Prompt => In the records below, find the line containing "2025 Ford Bronco Big Bend" and the line containing "কংলাকের সূর্যাস্ত"; please repeat exactly the lines from one to the other, both included, and nothing more.

Excerpted data =>
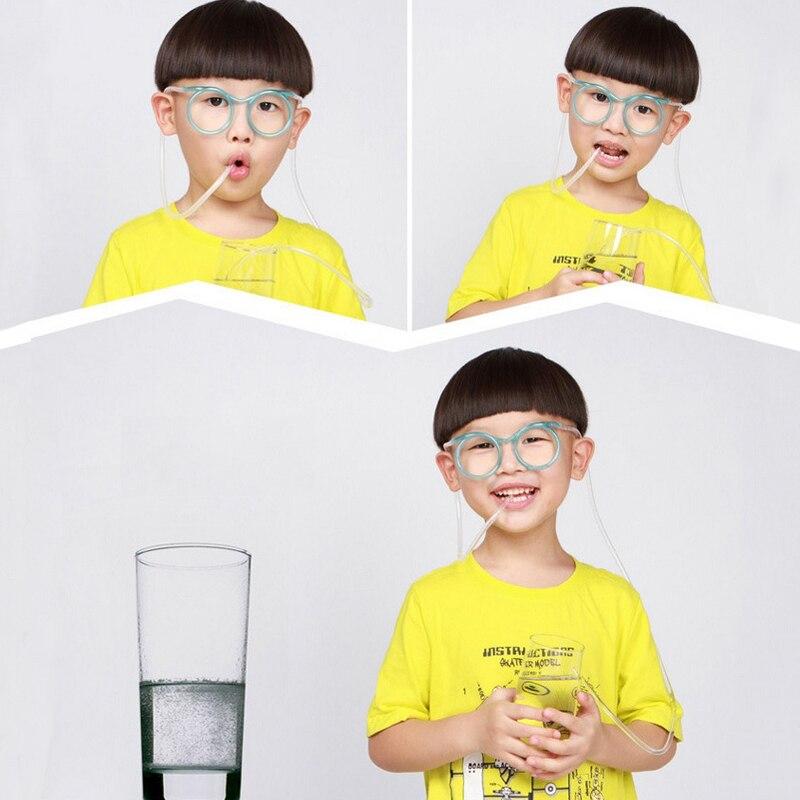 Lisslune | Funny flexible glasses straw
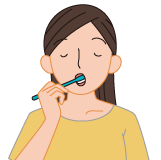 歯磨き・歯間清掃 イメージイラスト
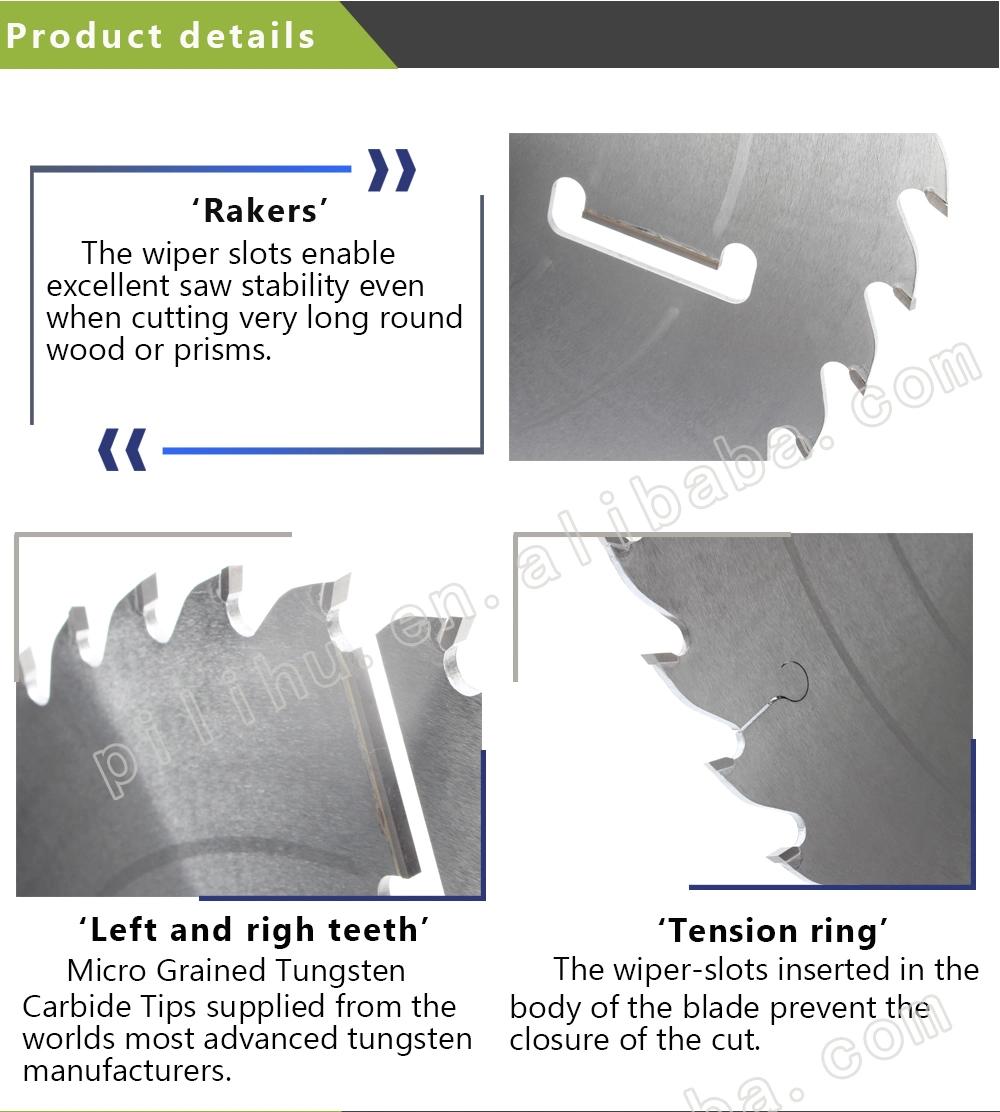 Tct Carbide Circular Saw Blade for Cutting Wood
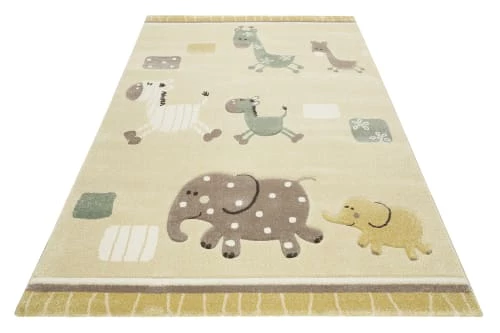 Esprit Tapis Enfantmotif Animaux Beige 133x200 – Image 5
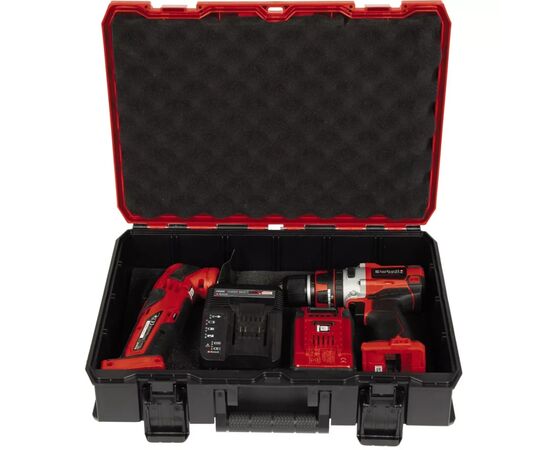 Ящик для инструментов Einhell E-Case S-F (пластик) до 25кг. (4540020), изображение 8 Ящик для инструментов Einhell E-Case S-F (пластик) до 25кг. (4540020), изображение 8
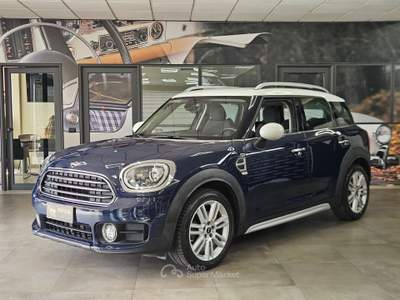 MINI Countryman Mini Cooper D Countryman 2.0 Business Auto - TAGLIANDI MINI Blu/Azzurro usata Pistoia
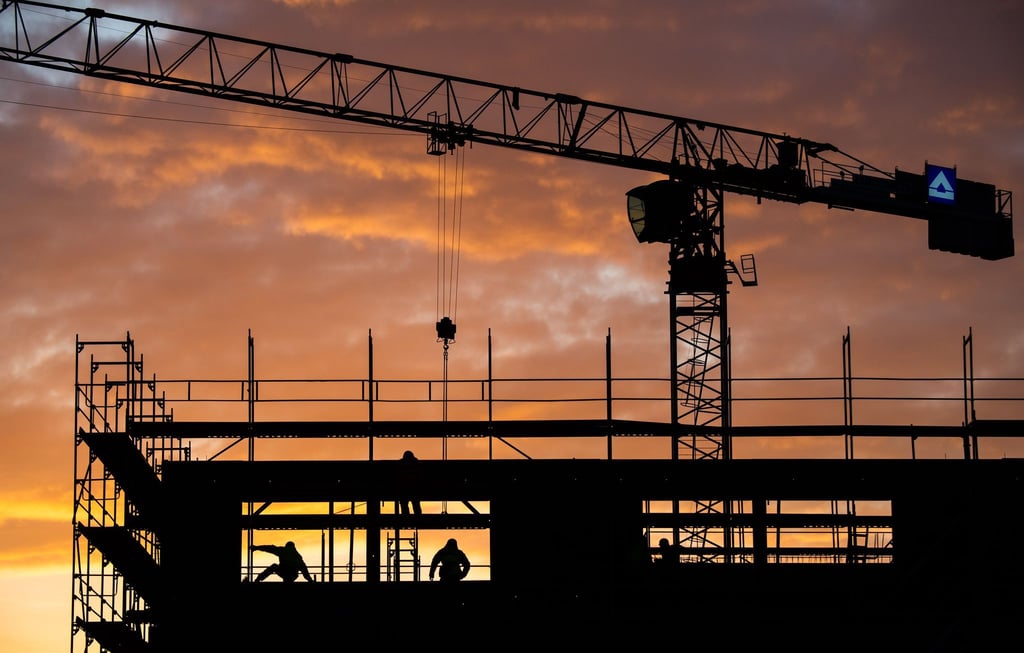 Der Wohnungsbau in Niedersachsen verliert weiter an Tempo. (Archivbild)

==

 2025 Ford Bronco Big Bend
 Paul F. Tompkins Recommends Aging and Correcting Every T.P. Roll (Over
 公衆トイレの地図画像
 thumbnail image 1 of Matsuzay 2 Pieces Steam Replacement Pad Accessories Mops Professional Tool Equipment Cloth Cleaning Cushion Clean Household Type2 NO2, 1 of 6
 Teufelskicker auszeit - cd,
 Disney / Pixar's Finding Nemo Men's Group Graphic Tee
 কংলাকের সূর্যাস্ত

Output of the exercise =>
 2025 Ford Bronco Big Bend
 Paul F. Tompkins Recommends Aging and Correcting Every T.P. Roll (Over
 公衆トイレの地図画像
 thumbnail image 1 of Matsuzay 2 Pieces Steam Replacement Pad Accessories Mops Professional Tool Equipment Cloth Cleaning Cushion Clean Household Type2 NO2, 1 of 6
 Teufelskicker auszeit - cd,
 Disney / Pixar's Finding Nemo Men's Group Graphic Tee
 কংলাকের সূর্যাস্ত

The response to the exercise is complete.